You are viewing a plain text version of this content. The canonical link for it is here.
Posted to commits@beam.apache.org by ib...@apache.org on 2021/10/26 20:43:34 UTC
[beam] branch release-2.34.0 updated: [BEAM-13104] ParquetIO:
SplitReadFn must read the whole block
This is an automated email from the ASF dual-hosted git repository.
ibzib pushed a commit to branch release-2.34.0
in repository https://gitbox.apache.org/repos/asf/beam.git
The following commit(s) were added to refs/heads/release-2.34.0 by this push:
new 2d655ea [BEAM-13104] ParquetIO: SplitReadFn must read the whole block
new 621a4f9 Merge pull request #15806 from ibzib/parquet-cp
2d655ea is described below
commit 2d655eac45d036dc23962d09e45642b77c6f5cea
Author: Alexey Romanenko <ar...@gmail.com>
AuthorDate: Mon Oct 25 17:21:47 2021 +0200
[BEAM-13104] ParquetIO: SplitReadFn must read the whole block
---
.../src/main/java/org/apache/beam/sdk/io/parquet/ParquetIO.java | 6 +++---
.../src/test/java/org/apache/beam/sdk/io/parquet/ParquetIOTest.java | 3 ++-
2 files changed, 5 insertions(+), 4 deletions(-)

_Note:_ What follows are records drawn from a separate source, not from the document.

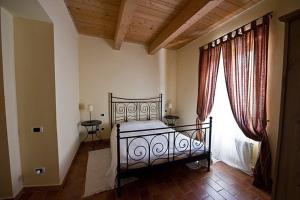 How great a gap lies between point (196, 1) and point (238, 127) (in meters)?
2.24

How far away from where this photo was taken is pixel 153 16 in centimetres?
255

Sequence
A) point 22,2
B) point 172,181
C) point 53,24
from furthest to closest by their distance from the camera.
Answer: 1. point 172,181
2. point 53,24
3. point 22,2

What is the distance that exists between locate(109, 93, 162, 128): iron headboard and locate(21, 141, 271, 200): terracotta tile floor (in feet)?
5.42

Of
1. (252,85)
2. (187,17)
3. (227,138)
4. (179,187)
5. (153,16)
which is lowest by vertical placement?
(179,187)

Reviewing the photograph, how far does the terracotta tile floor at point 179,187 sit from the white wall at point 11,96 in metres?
0.39

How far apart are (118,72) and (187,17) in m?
2.33

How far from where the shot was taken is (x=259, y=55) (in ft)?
6.77

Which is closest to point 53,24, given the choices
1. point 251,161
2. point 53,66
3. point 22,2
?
point 22,2

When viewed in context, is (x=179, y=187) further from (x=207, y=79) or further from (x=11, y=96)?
(x=11, y=96)

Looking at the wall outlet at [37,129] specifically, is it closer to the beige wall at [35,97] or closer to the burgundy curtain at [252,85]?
the beige wall at [35,97]

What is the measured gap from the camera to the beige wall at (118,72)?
3605 mm

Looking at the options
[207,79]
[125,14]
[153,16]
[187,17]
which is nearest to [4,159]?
[125,14]

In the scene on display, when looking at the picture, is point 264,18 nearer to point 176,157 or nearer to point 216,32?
point 216,32

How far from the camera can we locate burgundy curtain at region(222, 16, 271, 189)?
2031 mm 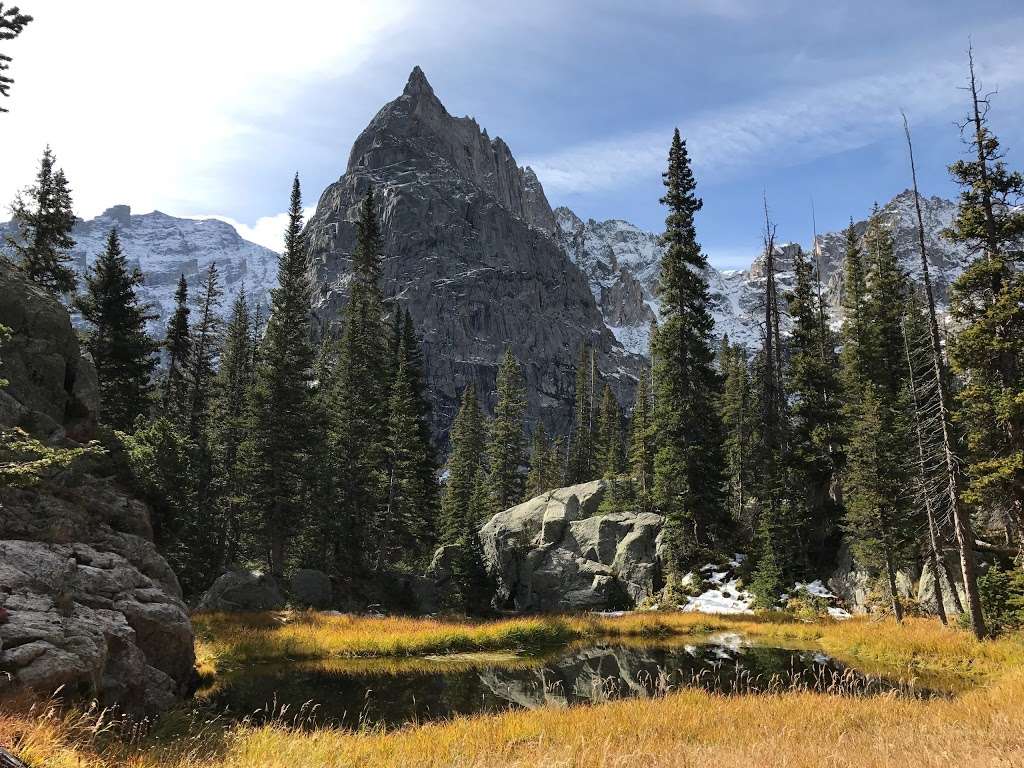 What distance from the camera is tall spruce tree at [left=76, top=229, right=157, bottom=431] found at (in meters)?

diff --git a/sdks/java/io/parquet/src/main/java/org/apache/beam/sdk/io/parquet/ParquetIO.java b/sdks/java/io/parquet/src/main/java/org/apache/beam/sdk/io/parquet/ParquetIO.java
index 81f5978..c733f67 100644
--- a/sdks/java/io/parquet/src/main/java/org/apache/beam/sdk/io/parquet/ParquetIO.java
+++ b/sdks/java/io/parquet/src/main/java/org/apache/beam/sdk/io/parquet/ParquetIO.java
@@ -888,12 +888,12 @@ public class ParquetIO {
continue;
}
if (record == null) {
- // only happens with FilteredRecordReader at end of block
+ // it happens when a record is filtered out in this block
LOG.debug(
- "filtered record reader reached end of block in block {} in file {}",
+ "record is filtered out by reader in block {} in file {}",
currentBlock,
file.toString());
- break;
+ continue;
}
if (recordReader.shouldSkipCurrentRecord()) {
// this record is being filtered via the filter2 package
diff --git a/sdks/java/io/parquet/src/test/java/org/apache/beam/sdk/io/parquet/ParquetIOTest.java b/sdks/java/io/parquet/src/test/java/org/apache/beam/sdk/io/parquet/ParquetIOTest.java
index d2609b4..261abd9 100644
--- a/sdks/java/io/parquet/src/test/java/org/apache/beam/sdk/io/parquet/ParquetIOTest.java
+++ b/sdks/java/io/parquet/src/test/java/org/apache/beam/sdk/io/parquet/ParquetIOTest.java
@@ -574,7 +574,8 @@ public class ParquetIOTest implements Serializable {
readPipeline.apply(
ParquetIO.read(SCHEMA)
.from(temporaryFolder.getRoot().getAbsolutePath() + "/*")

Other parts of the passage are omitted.